The Upper and Lower White Horse Stones are names given to two sarsen megaliths on Blue Bell Hill near Aylesford in the English county of Kent. They are generally considered to be fragmentary examples of the Neolithic chamber tomb group known as the Medway megaliths. The stones are said to be a monument to Horsa, one of the leaders of the Saxon conquest of Britain, who was killed at the Battle of Aylesford.

The Upper White Horse Stone (grid reference TQ753603) is 2.9 m long, 1.65 m high and about 0.6 m thick and stands just inside Westfield Wood, off the Pilgrims' Way. Close by it are nine smaller stones that stretch to the west for about 10 m.
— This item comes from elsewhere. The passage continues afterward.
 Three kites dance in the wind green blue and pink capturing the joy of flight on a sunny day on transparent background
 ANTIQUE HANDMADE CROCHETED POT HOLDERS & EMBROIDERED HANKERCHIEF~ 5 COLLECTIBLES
There is no evidence of a covering barrow and it has been suggested that these much smaller stones were moved from the neighbouring field by local farmers. Its identification as a chambered long barrow like the other Medway megaliths is therefore uncertain although the shape certainly resembles a chamber wall stone.

In local tradition this is also the burial place of the Saxon leader Horsa, whose name meant "horse". The standing stone is also considered by some visitors to resemble a horse's head.

The Lower White Horse Stone once stood about 300 m west of Upper White Horse Stone. It was destroyed in 1823 and the site is now under the dual carriageway that climbs Blue Bell Hill. It therefore cannot either be said with certainty to have been a true prehistoric megalith.